Another Veteran's Day now gone. I am thankful for those who served, and serve, in the military. My father did. My grandfather did. My uncle, on my mother's side, died in Vietnam. I lived with my grandparents for my last three years of high school. It was the end of my being shuffled around to different relatives. During my senior year I had contacted the Navy about joining the ROTC program and was sent a letter with a date for an interview and physical exam, to be held in Cleveland. I was not sure where I was going to college at that point.
To backtrack a little, my high school English Dept. had selected me to be and entrant in a national contest sponsored by NCTE, the National Council of Teachers of English. I wrote an essay and submitted it, along with a couple other pieces of work, and was one of the national winners. I forget how many were entrants, tens of thousands or something like that, but I was a winner. Within a few weeks I started receiving hundreds of letters from colleges from across the country, many written personally by someone representing the school. The phone rang like wild. I was a good student, so, in a way, I was going to have my choice of where to go. But to be in the ROTC program I would have to attend a certain college or university. That was to be determined.

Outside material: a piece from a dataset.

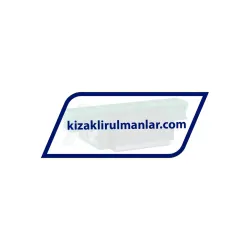 INA KWVE20-B-V0-G4 rulman resim 2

The ROTC program was attractive because it was the promise of a job after graduation, and payment for college. My grandfather never said anything to me until the day before he was supposed to take me on the 3 hour Turnpike ride from Defiance to Cleveland. He was a big, crusty, overpowering man, a WWII Army Sergeant, who was once the driver of the lead jeep for General Bradley, in Europe. His description of the duty was to be the first in the convoy to be shot or blown up! Perhaps the most important thing ever determined for me was his decision to not take me to Cleveland. I remember the words. "You are not the military type. You are not good at taking orders. You have the gift of gab and that is not what they want in the military. I am not taking you there." He was right. Grants and scholarships paid for my education. Maybe he also knew that would happen. I don't know.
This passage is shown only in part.